Quella volta che sparai
Ma «capitava di fermare quelli che venivano a rapinare i distributori, a svaligiare le case. Paura vera però non ne ho mai avuta. Ho dovuto sparare una volta sola, quando un furgone cercò di scappare su un marciapiede e un mio collega ci si ritrovò sul cofano». 
Poi gli stupefacenti: «Soprattutto all’epoca dei canapai: venivano per portarla giù e dovevi fermarli, anche i minorenni. Ti toccava chiamare la loro mamma a casa, pensa a come si spaventava. Ti dispiace anche un po’, alla fine sei una persona come un’altra». Alcuni era anche facile sgamarli: «Alla fine ci fai l’occhio, lo vedi quando iniziano a tremare, a balbettare. Mi capitava di fare la perquisa e dirglielo: ce l’avevi scritto in faccia».

’Siamo tutte persone‘
Duri sono stati soprattutto i momenti di emergenza umanitaria, come durante le guerre in Jugoslavia. «Ne arrivavano anche in cinquanta o sessanta alla volta, i passatori li scaricavano appena dentro e loro dovevano aspettare che qualcuno li andasse a prendere. Mi ricordo una famiglia ferma sulla strada, che suonava la fisarmonica»; ma anche «un bambino piccolo chiuso in una borsa, un uomo senza gambe che veniva per il bosco sui gomiti». Non è stato più facile con la recente ondata di profughi, «denutriti, scalzi, con le loro quattro cose nei sacchetti di plastica».
Che si tratti di contrabbandieri o di povericristi, quello di guardia non è un lavoro che si fa da soli: «Da solo non sei nessuno. Devi imparare a lavorare in squadra, a motivare gli altri. Devi capire quando sono in difficoltà». Prima della disciplina militaresca conta l’affiatamento: «Valorizzare ciascuno, e prima di criticare gli altri, guardarsi allo specchio.
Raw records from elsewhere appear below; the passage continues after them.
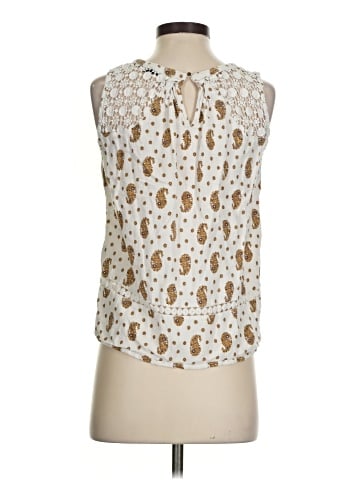 Doe & Rae Sleeveless Blouse (view 2)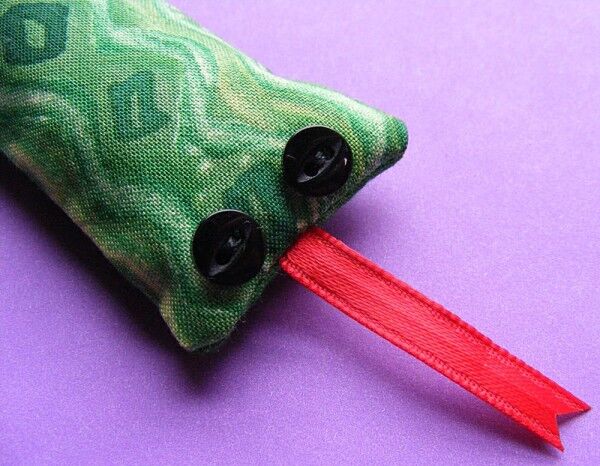 Toy Snakes – free beginner sewing pattern - Shiny Happy World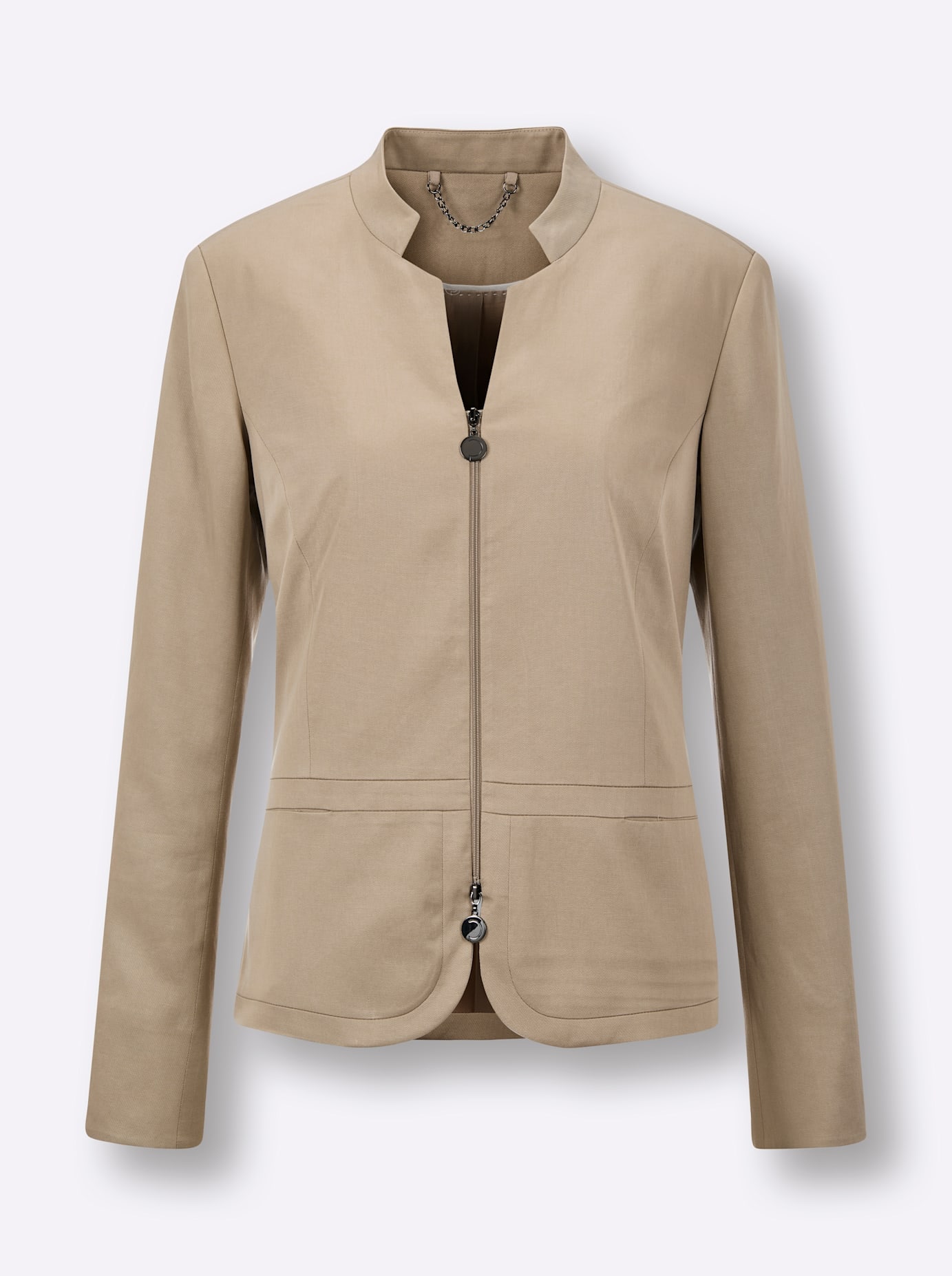 CREATION L PREMIUM Jackenblazer »Lyocell-Leinen-Blazer«
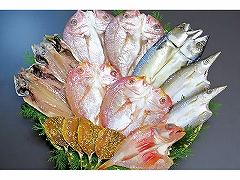 【冷凍】博多ウエダ　海鮮バラエティ詰合せ７種セット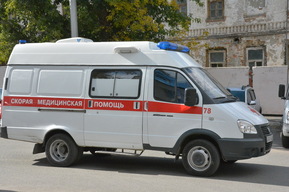 Девочка пострадала при падении с высоты в Саратове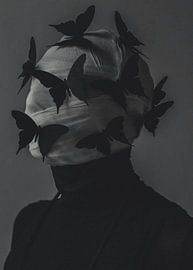 Silent Metamorphosis by atiq art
E non montarsi la testa quando si sale di grado». Un atteggiamento collaborativo che passa anche dalle relazioni con le «altre» guardie, quelle di là dalla ramina, così chiamata, lo ricordo ai più giovani, perché una volta la frontiera era segnata da un’alta rete metallica con campanelli e sistemi di allarme: «Mi ricordo ancora di quando la Guardia di Finanza saliva a cavallo sopra Muggio». 
Alla fine, di una cosa Fausto non dubita: da una parte e dall’altra di quella linea immaginaria, «siamo poi tutte persone».

IL PERSONAGGIO
Fausto Jurietti è nato a Quinto nel 1956. Dopo alcune esperienze da cuoco, è entrato nelle guardie di confine nel 1977, diventando poi sergente e capo impiego. I suoi colleghi lo chiamano «Tapiro», «da una vecchia réclame di tappeti che girava in radio». Pensionato dal  2014, è sposato con Elisabetta e ha due figli, Mattia e Chiara. I suoi hobby sono il giardinaggio, la pesca, le passeggiate e il fai-da-te.